Exercise instructions:
There are pictures in the records below; leave them out and set down exactly the lines from the one holding "Вахтовый городок для" through the one holding "Living room image 1".
[[ Entries shown open ]]
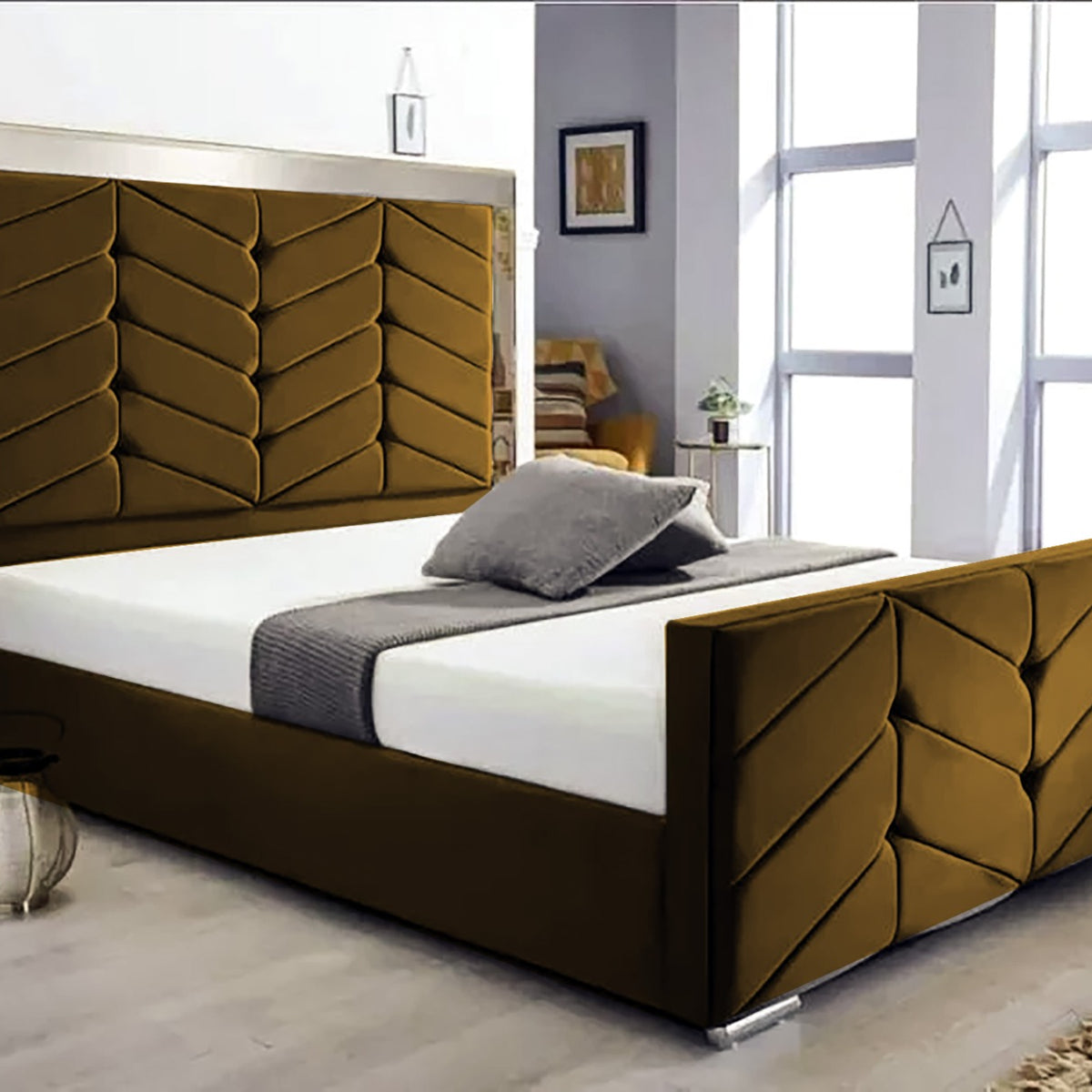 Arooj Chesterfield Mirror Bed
[[ Entries shown closed ]]
[[ Entries shown open ]]
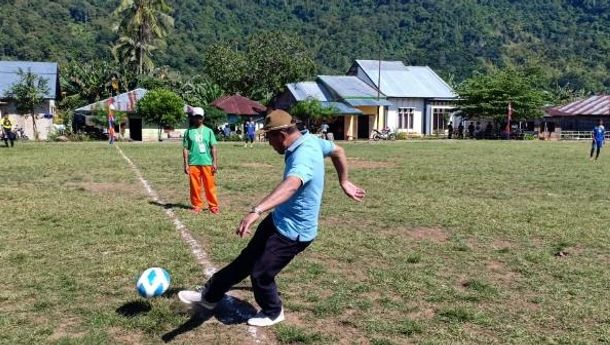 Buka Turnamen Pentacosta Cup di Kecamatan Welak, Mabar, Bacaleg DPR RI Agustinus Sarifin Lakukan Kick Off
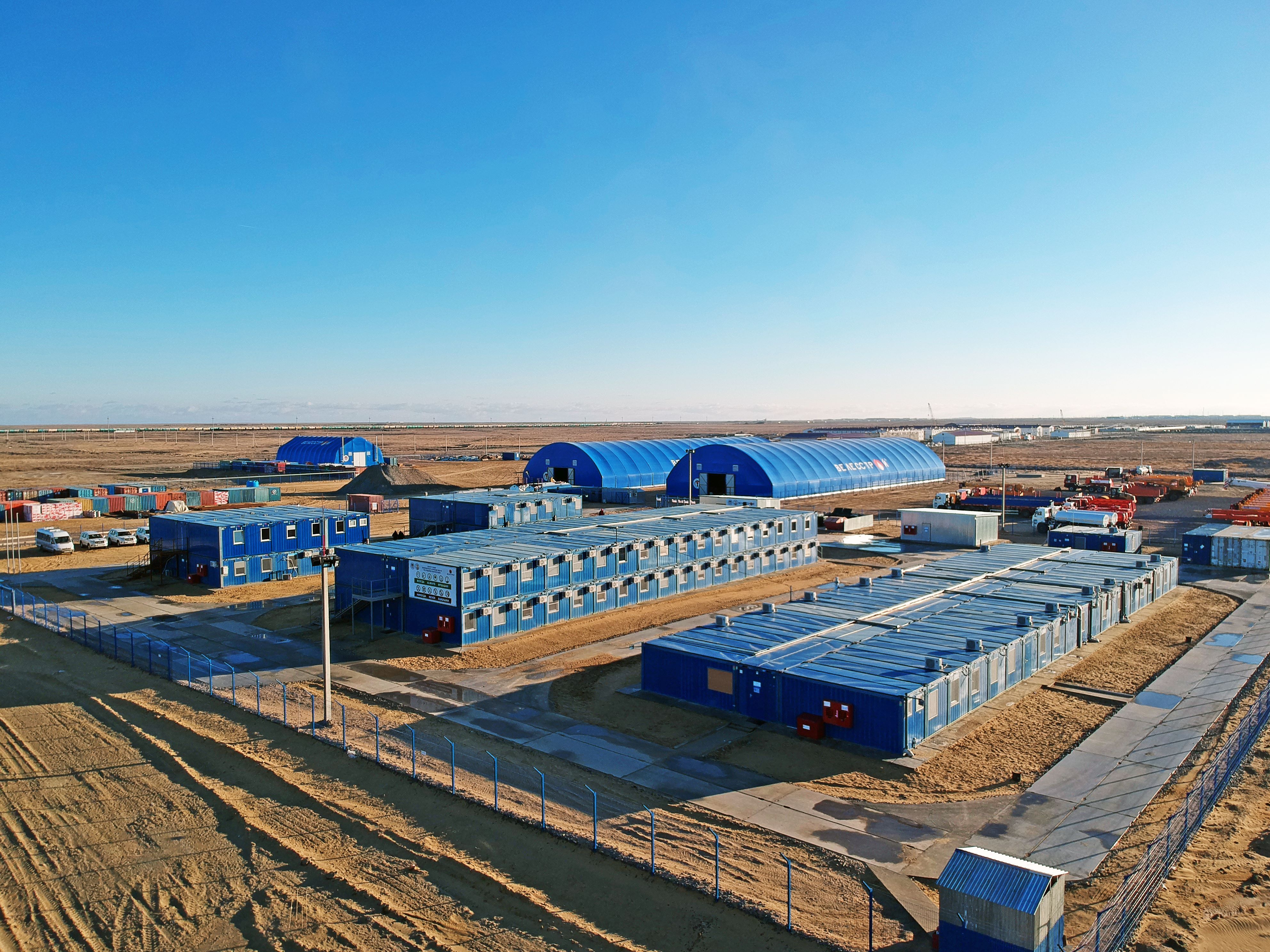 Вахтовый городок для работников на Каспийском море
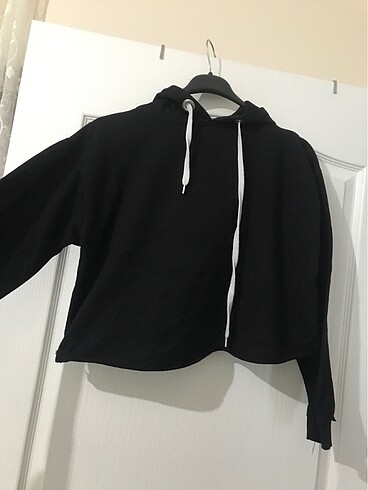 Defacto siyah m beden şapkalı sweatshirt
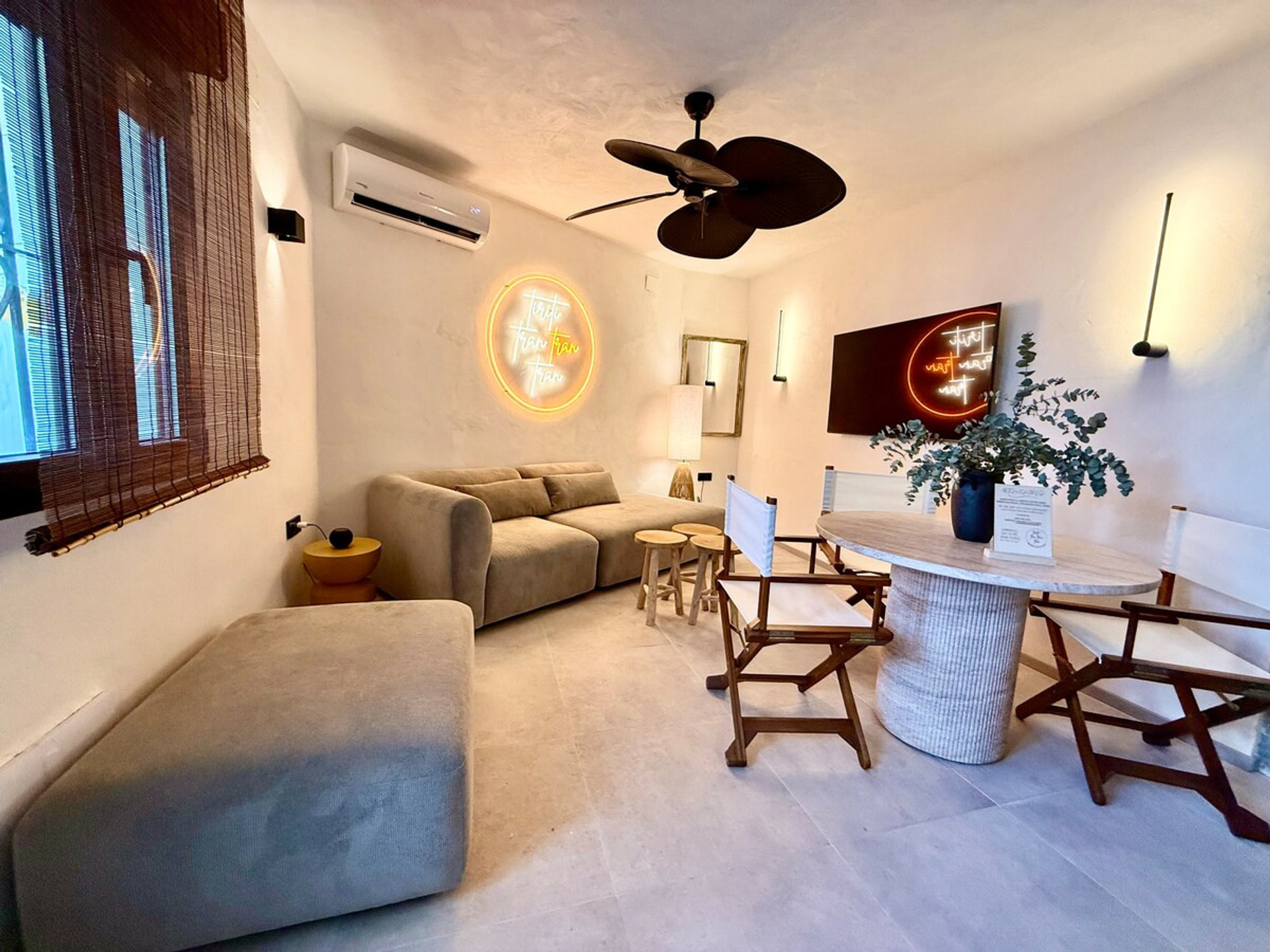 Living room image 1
[[ Entries shown closed ]]
Solution to this exercise:
 Вахтовый городок для работников на Каспийском море
 Defacto siyah m beden şapkalı sweatshirt
 Living room image 1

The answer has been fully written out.